A Believer's Guide to Atheism
Michael Symmons Roberts - formerly an atheist, now a Catholic - examines how atheism in Britain today is becoming an increasingly complicated tapestry of beliefs and non-beliefs.
As a student, Michael Symmons Roberts was an evangelical atheist, keen to rid people of their religious beliefs. In the course of his studies, however, he lost his atheism and in the years since has become a practising Roman Catholic. He has always retained a great interest in atheism, believing that at its most nuanced it offers a means by which to examine his own faith, and in this programme he sets out to discover the state of non-belief stands in today's Britain.
He finds out that things have moved on from a decade ago when New Atheists like Dawkins, Dennett, Hitchens and Harris brought their materialist rejection of belief so prominently into the public domain.
Now the majority of us identify as so-called 'Nones', without religion but not entirely in line with the rationalist atheists either. Instead the 'Nones' are likely to display beliefs in a wide range of supernatural phenomena such as ghosts and divination while rejecting the idea of a god.
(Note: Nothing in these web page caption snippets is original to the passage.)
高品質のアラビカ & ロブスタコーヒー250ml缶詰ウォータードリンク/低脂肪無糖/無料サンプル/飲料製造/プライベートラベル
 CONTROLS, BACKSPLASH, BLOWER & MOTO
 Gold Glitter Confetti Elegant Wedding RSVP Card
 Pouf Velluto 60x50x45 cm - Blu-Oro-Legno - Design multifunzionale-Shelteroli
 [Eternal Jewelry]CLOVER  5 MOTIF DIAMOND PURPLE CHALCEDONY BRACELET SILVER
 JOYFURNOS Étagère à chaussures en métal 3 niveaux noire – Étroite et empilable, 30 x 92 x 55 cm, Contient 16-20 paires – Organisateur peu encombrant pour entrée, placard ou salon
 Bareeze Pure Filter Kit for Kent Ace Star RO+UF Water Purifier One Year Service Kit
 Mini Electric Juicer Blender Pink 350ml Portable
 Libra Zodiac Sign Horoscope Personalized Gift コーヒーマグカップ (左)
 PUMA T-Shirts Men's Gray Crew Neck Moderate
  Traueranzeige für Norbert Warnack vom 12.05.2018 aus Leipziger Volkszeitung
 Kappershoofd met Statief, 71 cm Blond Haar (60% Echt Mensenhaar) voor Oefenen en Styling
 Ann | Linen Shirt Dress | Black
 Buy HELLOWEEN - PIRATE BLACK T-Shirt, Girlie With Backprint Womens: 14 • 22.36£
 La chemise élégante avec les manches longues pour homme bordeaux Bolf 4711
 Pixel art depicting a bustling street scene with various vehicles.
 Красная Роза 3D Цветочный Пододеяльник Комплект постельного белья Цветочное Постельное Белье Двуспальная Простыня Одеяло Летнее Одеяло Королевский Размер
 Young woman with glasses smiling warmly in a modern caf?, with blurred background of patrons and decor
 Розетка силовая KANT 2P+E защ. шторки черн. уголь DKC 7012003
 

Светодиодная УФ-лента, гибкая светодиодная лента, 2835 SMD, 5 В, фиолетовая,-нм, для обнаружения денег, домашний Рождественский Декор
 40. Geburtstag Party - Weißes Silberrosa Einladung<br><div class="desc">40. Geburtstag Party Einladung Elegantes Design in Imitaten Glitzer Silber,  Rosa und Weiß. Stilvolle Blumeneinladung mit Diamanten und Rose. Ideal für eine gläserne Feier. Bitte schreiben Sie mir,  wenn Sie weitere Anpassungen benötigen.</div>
Some are driven more by social justice, others find their spiritual needs met by connecting with nature.
What is clear about questions regarding belief and non-belief right now is that things are multiple and complex, reflecting as ever the moment at which those questions are posed.
Michael speaks with eminent academics Linda Woodhead and Lois Lee; he meets Alom Shaha, author of 'The Young Atheist's Handbook' who was raised in a Muslim household; he attends an event held by the Edinburgh Skeptics, and also hears from the author of 'Doubt: A History', Jennifer Michael Hecht, about the state of atheism in America.